ACTION ITEM >> I'd like the listing below copied exactly, with the images left out.

COLLECTED DATA >>
• • • • •

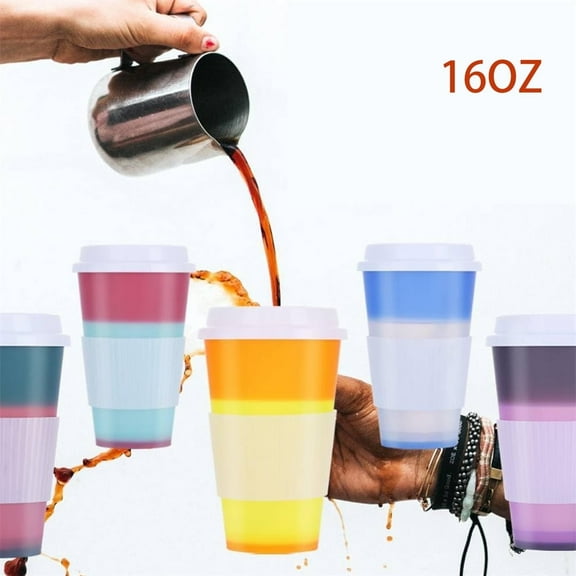 Triani Color Changing Tumbler Cups For Hot Drink - 5 Pcs 16oz Plastic Tumblers Coffee Cups with Lids - Reusable Travel Cup to Go Coffee Cup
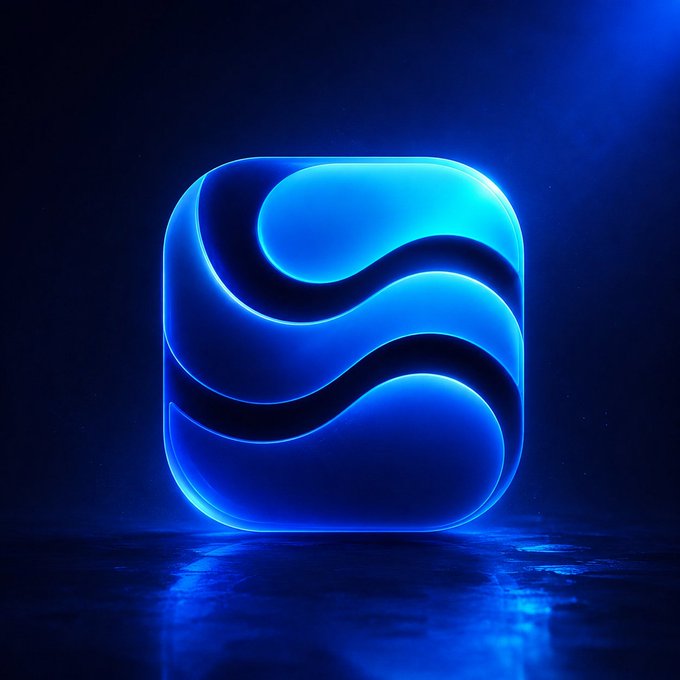 A glowing blue, 3D-rendered icon featuring stylized, layered waves centered against a dark background.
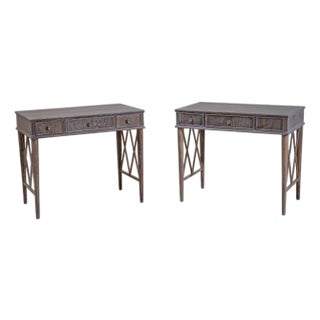 Pair of Mid-Century Modern Desks in Limed Oak, Lattice Design, 1950s For Sale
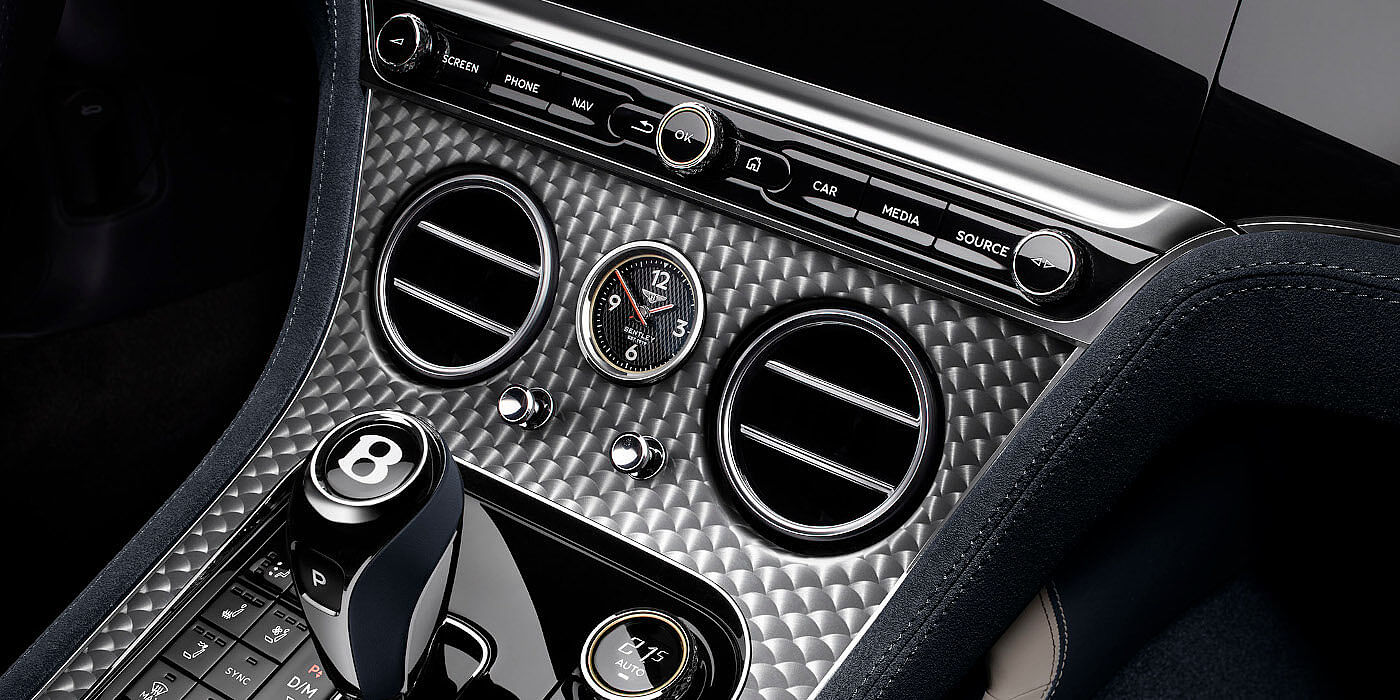 Bentley Hatfield Bentley Continental GTC Speed convertible front interior engine spin veneer detail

• • • • •

SOLUTION >>
 Triani Color Changing Tumbler Cups For Hot Drink - 5 Pcs 16oz Plastic Tumblers Coffee Cups with Lids - Reusable Travel Cup to Go Coffee Cup
 A glowing blue, 3D-rendered icon featuring stylized, layered waves centered against a dark background.
 Pair of Mid-Century Modern Desks in Limed Oak, Lattice Design, 1950s For Sale
 Bentley Hatfield Bentley Continental GTC Speed convertible front interior engine spin veneer detail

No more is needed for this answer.